DATA EXTRACT =

========

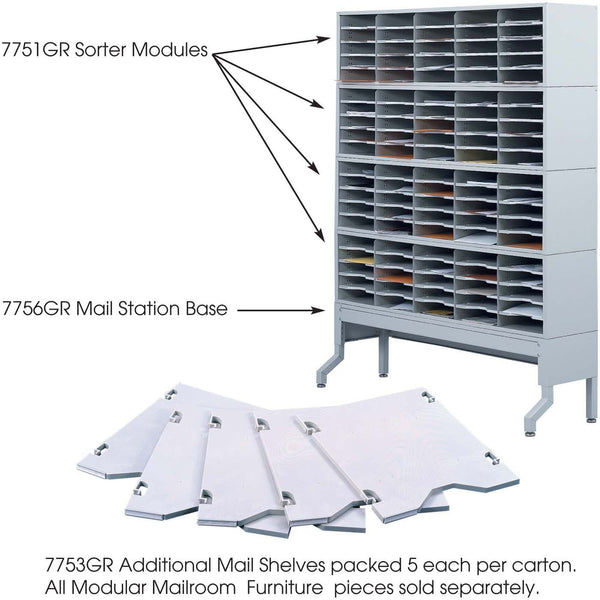 E-Z Sort® Additional Mail Trays Mailroom [7753] Safco Gray Mailroom Organizer 7753GR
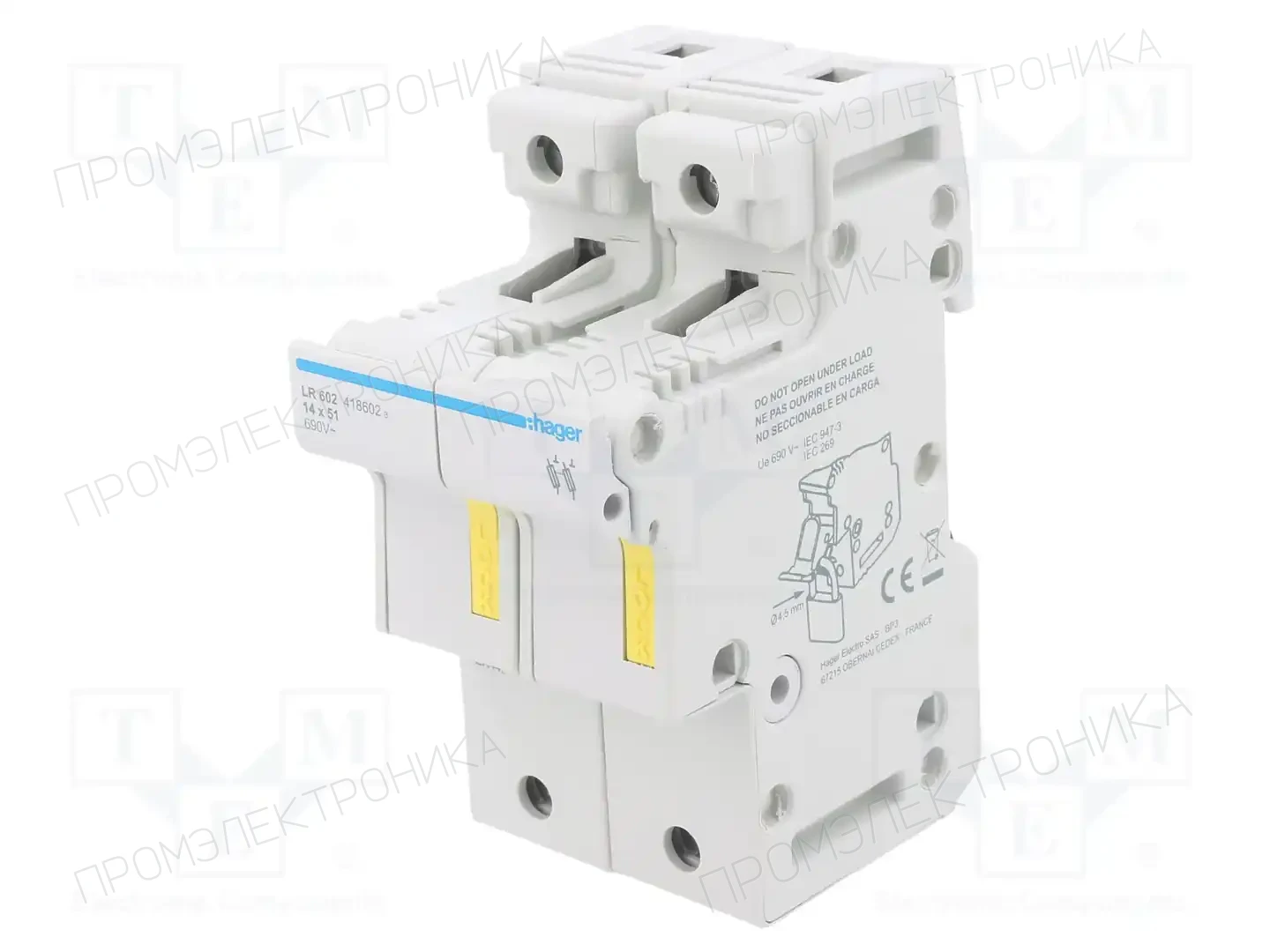 HAGER LR602 — Гнезда предохранительные на DIN-рейку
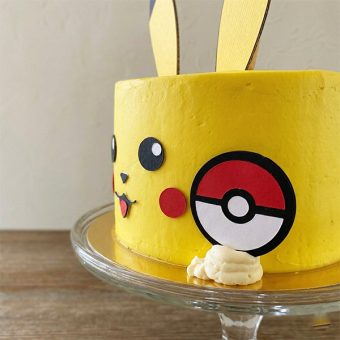 pikachu face cake with tall ear side view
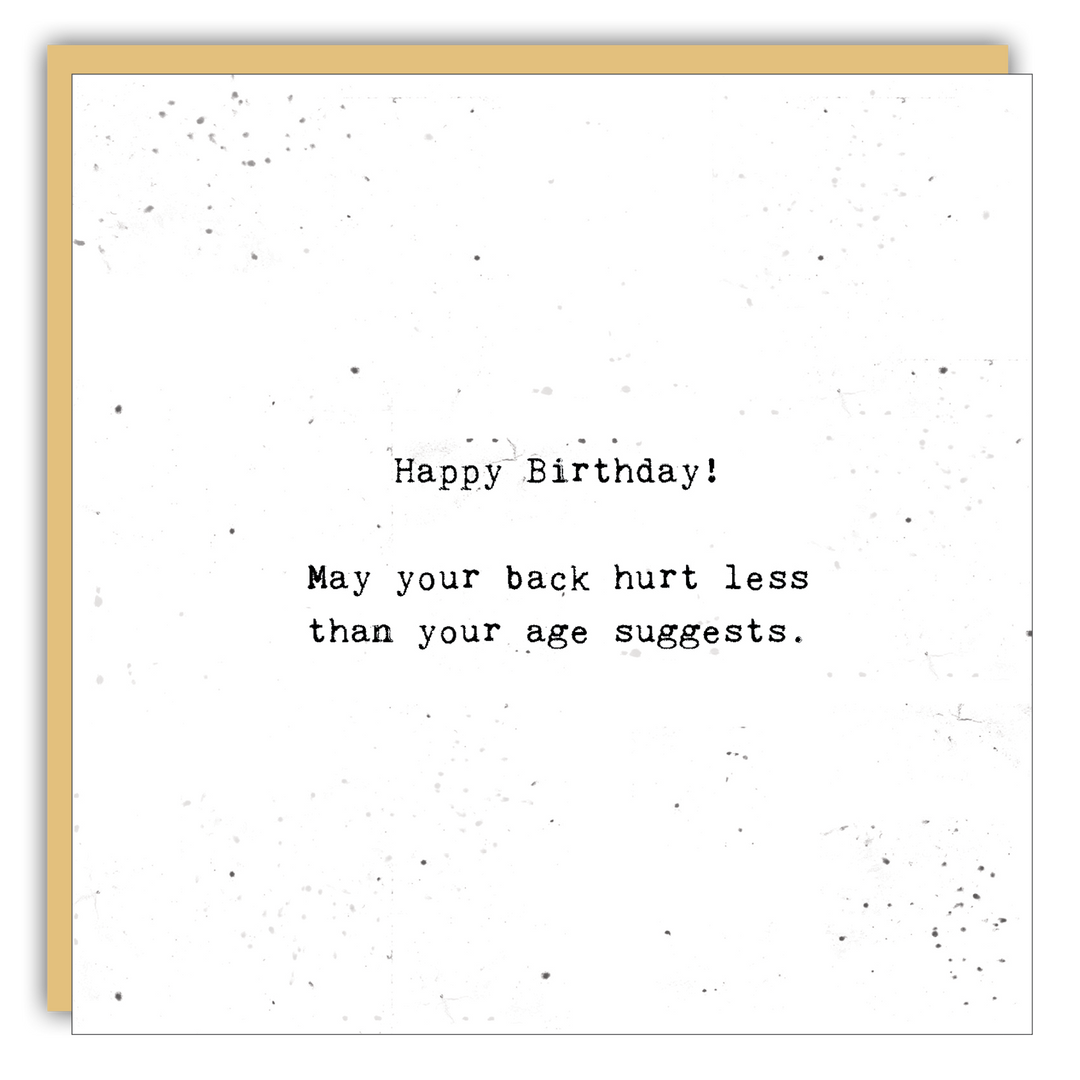 Keepsake Cards - Little Gem - May your back hurt less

========

All of the material above should be output exactly, with the pictures left behind.

TASK OUTPUT =
 E-Z Sort® Additional Mail Trays Mailroom [7753] Safco Gray Mailroom Organizer 7753GR
 HAGER LR602 — Гнезда предохранительные на DIN-рейку
 pikachu face cake with tall ear side view
 Keepsake Cards - Little Gem - May your back hurt less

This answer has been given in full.